Qualche giorno fa ho visitato il National Palace Museum dove sono conservati circa ottomila anni di storia cinese che sono stati salvati da Chiang Kai-shek quando egli e il Kuomintang dovettero abbandonare la Cina che si apprestava alla deriva comunista. Il museo propone ai visitatori un numero elevato di pezzi e proprio a causa della grande quantità di materiale da esibire che ciclicamente la direzione avvicenda i manufatti nelle teche. Ho trascorso circa quattro ore a contemplare un arco di tempo che esordisce nel neolitico e termina nel ventesimo secolo con la dinastia Qing: ceramiche, dipinti, utensili, armi, gioielli, mobili e mappe. Ho visto persino dei trattati in cirillico che sancivano i vecchi confini tra la Cina e la Russia. Davanti a una statua del Buddha ho avuto una sensazione anomala, quasi ipnotica benché io sia immune alla sindrome di Stendhal ed estraneo agli insegnamenti di Siddharta Gautama. Ho notato anche degli oggetti che riportavano delle scritte in sanscrito. Non mi sono piaciuti tutti i pezzi in esposizione sebbene ne abbia apprezzato il valore storico. Certi manufatti non avrebbero mai trovato un posto nella mia abitazione né tra le fila di una fiera kitsch qualora avessi avuto la sventura di doverne organizzare una. Mi hanno impressionato fortemente i dettagli di un dipinto di circa dieci metri, uno shou juan, ovvero il formato in rotolo che si spiega orizzontalmente. Quest’ultimo proponeva all’estremità destra paesaggi bucolici e vita rurale mentre verso sinistra snocciolava progressivamente scene sempre più inurbate che alla fine culminavano nelle attività febbrili del centro cittadino. Anche le opere di calligrafia mi hanno colpito e mi hanno permesso di capire quanto siano incerti i miei tratti quando disegno i pochi ideogrammi che conosco. Dovrei spendere fiumane di parole per contenere l’incompletezza descrittiva che concerne la mia giornata al National Palace Museum, ma alla fine rischierei di essere prolisso. Ho respirato un’aria antica.
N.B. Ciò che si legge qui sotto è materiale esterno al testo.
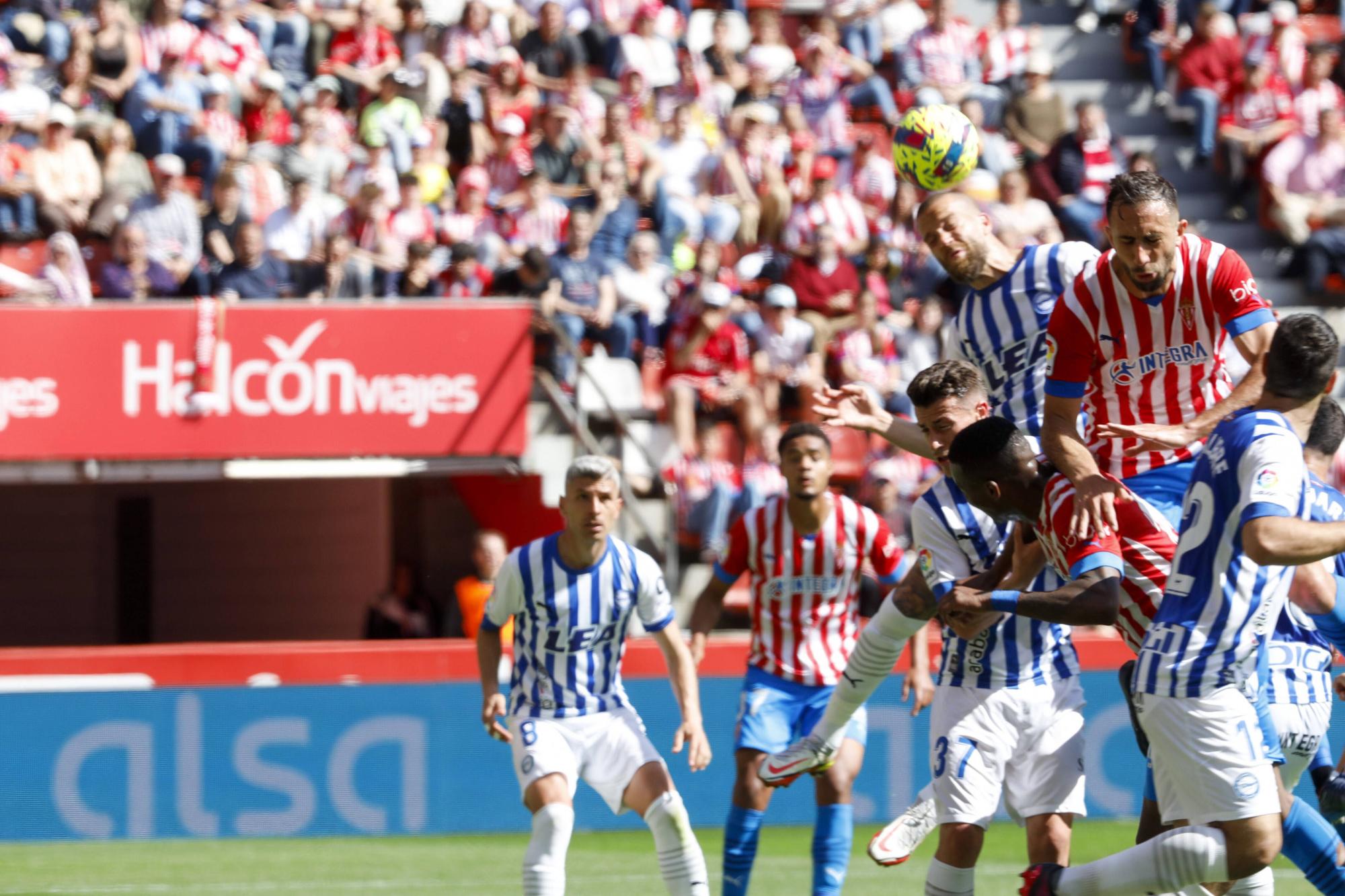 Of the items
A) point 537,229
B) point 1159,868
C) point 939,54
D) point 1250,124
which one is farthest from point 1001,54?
point 1159,868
Ieri mi sono avventurato per la prima volta nel cuore di Taipei City. Io, che risiedo nella Taipei County, quando percorro i sei chilometri che mi separano dal centro della capitale, mi sento un po’ come Renato Pozzetto in “Ragazzo di campagna”. Sono passato sopra il fiume Xindian attraverso il ponte Zhongzheng e ho raggiunto per caso il tempio di Longshan al quale tuttavia dovrò pestare una visita più approfondita. Nel mio peregrinare mi sono ritrovato al Chiang Kai-shek Memorial Hall dove ho potuto mirare l’imponenza architettonica degli edifici e gli ampi spazi che ne separano i perimetri. Mi sono anche fermato a guardare i movimenti lenti e accurati di alcune persone che praticavano Tai Chi in un giardino attiguo al sito suddetto. Qualcuno crede che Taiwan faccia parte della Cina, ma in realtà è una nazione indipendente a cui Chiang Kai-shek ha dato vita dopo la sua dipartita dalla Cina continentale (con le riserve auree al seguito) che avvenne quando Mao assurse al potere in quel di Pechino. A me pare buffa e grottesca la politica estera di quelle nazioni che si rifiutano di riconoscere l’indipendenza di Taiwan per non incrinare i rapporti diplomatici con la Cina. A proposito di tensioni politiche: ho portato con me la maglia della nazionale giapponese di calcio, ma ovviamente non la indosso per le strade di Taipei e la uso esclusivamente per dormire.
In quest’ultima fotografia mi sono immortalato presso il fiume Xindian. In lontananza è visibile il ponte Zhongzheng. Avevo appena mangiato un baozi e forse stavo pensando a come fosse identico in tutto al nikuman giapponese benché sia quest’ultimo a derivare dal primo.